Voor het geval dat na verwijzing komt vast te staan dat belanghebbende niet met vrucht een beroep kan doen op artikel 6:11 Awb heeft het volgende te gelden.
Artikel 1 van het Protocol brengt mee dat elke maatregel die het ongestoorde genot van eigendom aantast, waaronder de heffing van belasting, vergezeld moet gaan van procedurele garanties die de betrokkene een redelijke mogelijkheid bieden tot effectieve betwisting van de rechtmatigheid van die maatregel (zie HR 22 oktober 2010, nr. 08/02324, ECLI:NL:HR:2010:BL1943, BNB 2010/335).
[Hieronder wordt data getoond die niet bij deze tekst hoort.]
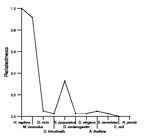 comparative genomics plot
In het onderhavige geval had belanghebbende de mogelijkheid om op de voet van hoofdstuk V van de AWR gelezen in samenhang met afdeling 6.2 Awb een rechtsmiddel aan te wenden tegen het door haar op aangifte voldane bedrag aan BPM. Derhalve kan niet worden gezegd dat belanghebbende geen effectieve mogelijkheid had het door haar op aangifte voldane bedrag aan BPM in een fiscale procedure te bestrijden. De omstandigheid dat belanghebbende op dat moment daartoe geen reden zag, doet daaraan niet af (vgl. HR 5 oktober 2007, nr. 43268, ECLI:NL:HR:2007:AZ9098, BNB 2008/40). Voor zover de middelen II tot en met XV klagen over schending van artikel 1 van het Protocol falen zij derhalve.
Deze middelen kunnen ook voor het overige niet tot cassatie leiden. Dit behoeft, gezien artikel 81, lid 1, van de Wet op de rechterlijke organisatie, geen nadere motivering, nu deze middelen in zoverre niet nopen tot beantwoording van rechtsvragen in het belang van de rechtseenheid of de rechtsontwikkeling (vgl. HR 5 oktober 2007, nr. 43268, ECLI:NL:HR:2007:AZ9098, BNB 2008/40, en HR 24 januari 2003, nr. C01/321, ECLI:NL:HR:2003:AF0193, NJ 2003/629).